Data extracts:
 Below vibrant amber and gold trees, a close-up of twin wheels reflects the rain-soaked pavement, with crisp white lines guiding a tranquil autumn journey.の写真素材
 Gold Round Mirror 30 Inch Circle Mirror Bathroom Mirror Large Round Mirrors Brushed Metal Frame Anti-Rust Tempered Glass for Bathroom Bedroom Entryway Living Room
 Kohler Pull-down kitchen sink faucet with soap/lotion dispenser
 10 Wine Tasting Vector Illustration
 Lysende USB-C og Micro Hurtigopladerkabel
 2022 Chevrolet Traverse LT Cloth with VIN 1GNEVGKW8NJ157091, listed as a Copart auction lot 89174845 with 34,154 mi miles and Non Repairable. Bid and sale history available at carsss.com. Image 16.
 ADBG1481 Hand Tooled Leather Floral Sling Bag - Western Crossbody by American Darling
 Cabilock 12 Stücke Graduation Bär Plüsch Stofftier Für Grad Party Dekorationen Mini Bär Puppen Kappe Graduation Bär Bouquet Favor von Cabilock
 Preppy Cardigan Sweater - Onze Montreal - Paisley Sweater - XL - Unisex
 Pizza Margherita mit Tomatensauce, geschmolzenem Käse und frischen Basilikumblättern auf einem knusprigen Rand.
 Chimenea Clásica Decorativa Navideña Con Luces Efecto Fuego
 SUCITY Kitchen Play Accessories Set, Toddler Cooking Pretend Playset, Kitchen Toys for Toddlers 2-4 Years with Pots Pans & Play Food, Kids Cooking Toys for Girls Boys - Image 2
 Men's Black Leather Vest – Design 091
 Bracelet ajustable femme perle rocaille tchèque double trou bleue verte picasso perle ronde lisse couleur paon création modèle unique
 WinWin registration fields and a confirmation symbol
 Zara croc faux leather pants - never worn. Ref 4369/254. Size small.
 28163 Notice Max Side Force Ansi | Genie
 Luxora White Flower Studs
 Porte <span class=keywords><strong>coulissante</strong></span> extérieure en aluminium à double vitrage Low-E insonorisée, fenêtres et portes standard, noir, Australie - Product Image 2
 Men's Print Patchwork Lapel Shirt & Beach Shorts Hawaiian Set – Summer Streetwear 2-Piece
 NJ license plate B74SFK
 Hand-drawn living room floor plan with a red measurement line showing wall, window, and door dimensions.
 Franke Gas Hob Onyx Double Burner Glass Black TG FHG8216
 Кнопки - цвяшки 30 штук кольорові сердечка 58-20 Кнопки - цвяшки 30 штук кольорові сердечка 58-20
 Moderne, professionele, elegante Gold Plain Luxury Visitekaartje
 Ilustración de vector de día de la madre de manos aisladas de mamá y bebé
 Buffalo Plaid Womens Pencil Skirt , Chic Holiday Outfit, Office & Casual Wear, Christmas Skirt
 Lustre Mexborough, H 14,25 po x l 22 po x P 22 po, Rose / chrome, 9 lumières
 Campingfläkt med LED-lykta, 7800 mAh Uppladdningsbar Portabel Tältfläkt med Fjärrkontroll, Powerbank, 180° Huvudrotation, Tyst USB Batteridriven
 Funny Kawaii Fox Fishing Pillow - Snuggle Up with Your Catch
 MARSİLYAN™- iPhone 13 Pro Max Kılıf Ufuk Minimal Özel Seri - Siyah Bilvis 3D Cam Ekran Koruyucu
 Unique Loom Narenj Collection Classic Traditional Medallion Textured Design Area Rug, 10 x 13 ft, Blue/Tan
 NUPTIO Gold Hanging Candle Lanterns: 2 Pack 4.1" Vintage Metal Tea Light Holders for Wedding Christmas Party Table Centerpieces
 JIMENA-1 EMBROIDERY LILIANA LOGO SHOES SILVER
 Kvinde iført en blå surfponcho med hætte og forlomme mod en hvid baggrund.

Activity:
Output the records once more, exactly as they stand.

Solution for this task:
 Below vibrant amber and gold trees, a close-up of twin wheels reflects the rain-soaked pavement, with crisp white lines guiding a tranquil autumn journey.の写真素材
 Gold Round Mirror 30 Inch Circle Mirror Bathroom Mirror Large Round Mirrors Brushed Metal Frame Anti-Rust Tempered Glass for Bathroom Bedroom Entryway Living Room
 Kohler Pull-down kitchen sink faucet with soap/lotion dispenser
 10 Wine Tasting Vector Illustration
 Lysende USB-C og Micro Hurtigopladerkabel
 2022 Chevrolet Traverse LT Cloth with VIN 1GNEVGKW8NJ157091, listed as a Copart auction lot 89174845 with 34,154 mi miles and Non Repairable. Bid and sale history available at carsss.com. Image 16.
 ADBG1481 Hand Tooled Leather Floral Sling Bag - Western Crossbody by American Darling
 Cabilock 12 Stücke Graduation Bär Plüsch Stofftier Für Grad Party Dekorationen Mini Bär Puppen Kappe Graduation Bär Bouquet Favor von Cabilock
 Preppy Cardigan Sweater - Onze Montreal - Paisley Sweater - XL - Unisex
 Pizza Margherita mit Tomatensauce, geschmolzenem Käse und frischen Basilikumblättern auf einem knusprigen Rand.
 Chimenea Clásica Decorativa Navideña Con Luces Efecto Fuego
 SUCITY Kitchen Play Accessories Set, Toddler Cooking Pretend Playset, Kitchen Toys for Toddlers 2-4 Years with Pots Pans & Play Food, Kids Cooking Toys for Girls Boys - Image 2
 Men's Black Leather Vest – Design 091
 Bracelet ajustable femme perle rocaille tchèque double trou bleue verte picasso perle ronde lisse couleur paon création modèle unique
 WinWin registration fields and a confirmation symbol
 Zara croc faux leather pants - never worn. Ref 4369/254. Size small.
 28163 Notice Max Side Force Ansi | Genie
 Luxora White Flower Studs
 Porte <span class=keywords><strong>coulissante</strong></span> extérieure en aluminium à double vitrage Low-E insonorisée, fenêtres et portes standard, noir, Australie - Product Image 2
 Men's Print Patchwork Lapel Shirt & Beach Shorts Hawaiian Set – Summer Streetwear 2-Piece
 NJ license plate B74SFK
 Hand-drawn living room floor plan with a red measurement line showing wall, window, and door dimensions.
 Franke Gas Hob Onyx Double Burner Glass Black TG FHG8216
 Кнопки - цвяшки 30 штук кольорові сердечка 58-20 Кнопки - цвяшки 30 штук кольорові сердечка 58-20
 Moderne, professionele, elegante Gold Plain Luxury Visitekaartje
 Ilustración de vector de día de la madre de manos aisladas de mamá y bebé
 Buffalo Plaid Womens Pencil Skirt , Chic Holiday Outfit, Office & Casual Wear, Christmas Skirt
 Lustre Mexborough, H 14,25 po x l 22 po x P 22 po, Rose / chrome, 9 lumières
 Campingfläkt med LED-lykta, 7800 mAh Uppladdningsbar Portabel Tältfläkt med Fjärrkontroll, Powerbank, 180° Huvudrotation, Tyst USB Batteridriven
 Funny Kawaii Fox Fishing Pillow - Snuggle Up with Your Catch
 MARSİLYAN™- iPhone 13 Pro Max Kılıf Ufuk Minimal Özel Seri - Siyah Bilvis 3D Cam Ekran Koruyucu
 Unique Loom Narenj Collection Classic Traditional Medallion Textured Design Area Rug, 10 x 13 ft, Blue/Tan
 NUPTIO Gold Hanging Candle Lanterns: 2 Pack 4.1" Vintage Metal Tea Light Holders for Wedding Christmas Party Table Centerpieces
 JIMENA-1 EMBROIDERY LILIANA LOGO SHOES SILVER
 Kvinde iført en blå surfponcho med hætte og forlomme mod en hvid baggrund.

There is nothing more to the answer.